According to the history books, the common household refrigerator came into regular use in the 1930s. Magnets date back to at least the first century B.C.
The history books remain mum on the obvious question: What was the natural habitat of magnets before the 1930s? Were they duct-taped to wooden pantries?
One scientific mind theorized that magnets could have congregated on pot-bellied stoves.
Nature itself refutes this theory. When herds of magnets nest upon household appliances, they give birth to voluminous collections of postcards, rummage sale notices, grocery lists, recipes, family photos, bills, cartoons and the artwork of 5-year-olds. Stoves - pot-bellied or domestic - provide a less than ideal environment.
Of course, since TVs also had not invaded homes back then, if the family wanted to gather around an appliance to watch a good disaster, the family had to create its own.
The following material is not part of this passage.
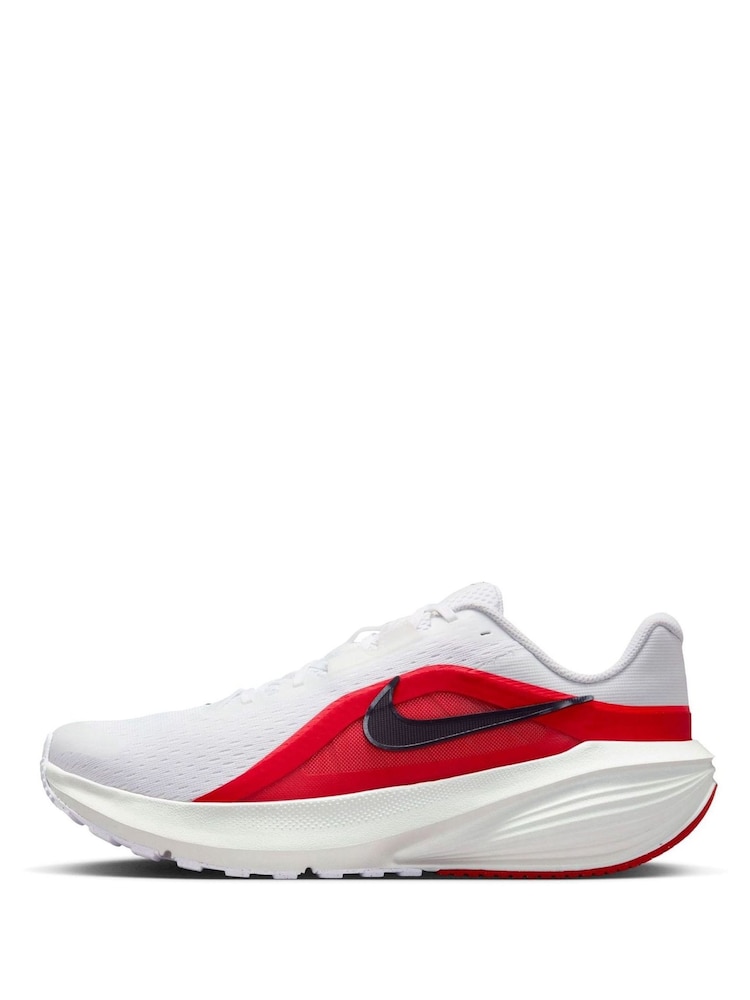 Nike White/Black Downshifter 14 Running Trainers - Image 2 of 10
Paperwork magnetized to stoves invited this sort of excitement. But after a while, it became impractical.
Thankfully, the refrigerator box came along as the perfect magnet for magnets.
I admit that I, for a time, was pulled into the magnet craze like iron shavings to a, well, magnet.
There are magnets of Coca-Cola bottles on the outside of my fridge, even though no actual bottles of the carbonated goodness are stored inside. There's a birdhouse with a bird on a spring, an owl with a thermometer in its belly and a flying pig.
From zoos and aquariums, I trotted home magnets in the shape of gorillas, elephants, rhinos, tigers and dolphins. Bugs Bunny and Mickey Mouse fought for room among magnets shaped as exercise bikes, garden plots, guitars and chickens.
Plus, I sport so many magnetized ads that I ought to be able to live for three years on the royalties. The only reason glints of white surface peek through the flock of magnets is that I don't know enough insurance agents.
One day, when I no longer could fight my way through the swarm of magnets to reach the ketchup, I knew it was time. I began peeling away the layers.
The fridge door wobbled. The walls quaked. The freezer groaned and sagged toward the crisper.
That's when I discovered the symbiotic relationship between refrigerators and magnets - magnets act as the glue that bond fridge pieces into a whole. And that, kids, is why we refer to the power of attraction as - you guessed it - magnetism.